====== Data shown

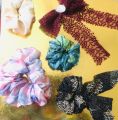 Different colours and varieties of scrunchies and bows. 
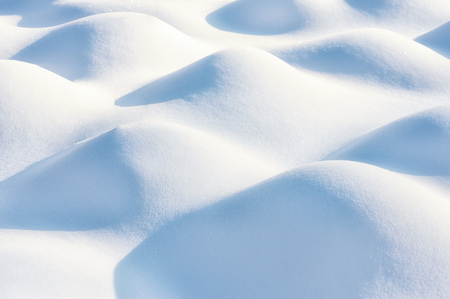 Fresh snow cover in dunes at closeup, a winter landscapeの写真素材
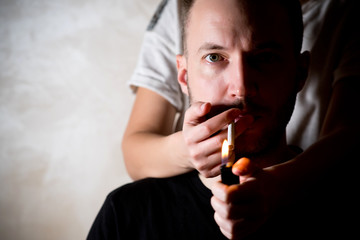 a woman stands behind a man and lights a cigarette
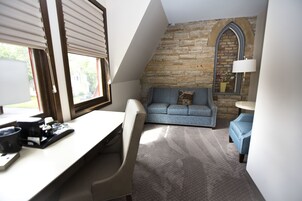 Una habitación acogedora con escritorio, sofá azul y pared de piedra.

============

• What to produce:
Copy the data precisely. Skip every picture.

• Solved exercise:
 Different colours and varieties of scrunchies and bows. 
 Fresh snow cover in dunes at closeup, a winter landscapeの写真素材
 a woman stands behind a man and lights a cigarette
 Una habitación acogedora con escritorio, sofá azul y pared de piedra.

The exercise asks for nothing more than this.